Top of DATASET RECORDS

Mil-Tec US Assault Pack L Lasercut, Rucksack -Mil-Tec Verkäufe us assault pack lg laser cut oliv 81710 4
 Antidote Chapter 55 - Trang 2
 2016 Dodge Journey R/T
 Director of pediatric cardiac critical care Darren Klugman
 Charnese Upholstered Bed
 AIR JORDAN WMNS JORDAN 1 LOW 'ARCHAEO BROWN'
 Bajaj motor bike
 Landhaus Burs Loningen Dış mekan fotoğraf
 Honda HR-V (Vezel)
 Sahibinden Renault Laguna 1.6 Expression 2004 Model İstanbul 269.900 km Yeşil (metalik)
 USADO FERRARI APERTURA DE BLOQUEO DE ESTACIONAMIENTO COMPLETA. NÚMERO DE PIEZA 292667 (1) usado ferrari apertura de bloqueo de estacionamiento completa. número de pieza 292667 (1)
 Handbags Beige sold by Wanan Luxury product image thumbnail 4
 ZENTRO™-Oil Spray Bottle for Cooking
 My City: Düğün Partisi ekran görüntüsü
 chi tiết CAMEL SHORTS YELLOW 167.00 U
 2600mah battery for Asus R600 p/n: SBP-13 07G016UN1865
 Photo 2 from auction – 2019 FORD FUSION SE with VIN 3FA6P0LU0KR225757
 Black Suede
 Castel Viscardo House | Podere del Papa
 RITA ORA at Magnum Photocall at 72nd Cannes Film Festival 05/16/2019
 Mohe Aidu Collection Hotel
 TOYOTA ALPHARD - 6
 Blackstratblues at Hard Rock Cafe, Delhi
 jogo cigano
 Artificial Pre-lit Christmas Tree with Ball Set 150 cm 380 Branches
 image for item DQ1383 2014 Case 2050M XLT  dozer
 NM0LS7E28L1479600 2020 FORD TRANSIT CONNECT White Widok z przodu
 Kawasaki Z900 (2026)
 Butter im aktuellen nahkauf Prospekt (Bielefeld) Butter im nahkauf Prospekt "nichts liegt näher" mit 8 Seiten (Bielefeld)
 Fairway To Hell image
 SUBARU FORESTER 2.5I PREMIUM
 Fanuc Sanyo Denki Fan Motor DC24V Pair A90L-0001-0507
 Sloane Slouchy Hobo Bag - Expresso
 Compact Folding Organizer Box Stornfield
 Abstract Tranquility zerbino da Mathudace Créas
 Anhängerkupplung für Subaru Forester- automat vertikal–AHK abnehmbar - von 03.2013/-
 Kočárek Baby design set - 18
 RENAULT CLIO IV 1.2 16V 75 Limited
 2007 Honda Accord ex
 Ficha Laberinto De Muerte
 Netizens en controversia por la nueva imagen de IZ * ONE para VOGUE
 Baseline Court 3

Bottom of DATASET RECORDS

EXERCISE REQUIREMENTS: The first line of the entries above marks where to begin; repeat each line exactly through the one that contains "Handbags Beige sold", and include that line.

RESPONSE AREA:
Mil-Tec US Assault Pack L Lasercut, Rucksack -Mil-Tec Verkäufe us assault pack lg laser cut oliv 81710 4
 Antidote Chapter 55 - Trang 2
 2016 Dodge Journey R/T
 Director of pediatric cardiac critical care Darren Klugman
 Charnese Upholstered Bed
 AIR JORDAN WMNS JORDAN 1 LOW 'ARCHAEO BROWN'
 Bajaj motor bike
 Landhaus Burs Loningen Dış mekan fotoğraf
 Honda HR-V (Vezel)
 Sahibinden Renault Laguna 1.6 Expression 2004 Model İstanbul 269.900 km Yeşil (metalik)
 USADO FERRARI APERTURA DE BLOQUEO DE ESTACIONAMIENTO COMPLETA. NÚMERO DE PIEZA 292667 (1) usado ferrari apertura de bloqueo de estacionamiento completa. número de pieza 292667 (1)
 Handbags Beige sold by Wanan Luxury product image thumbnail 4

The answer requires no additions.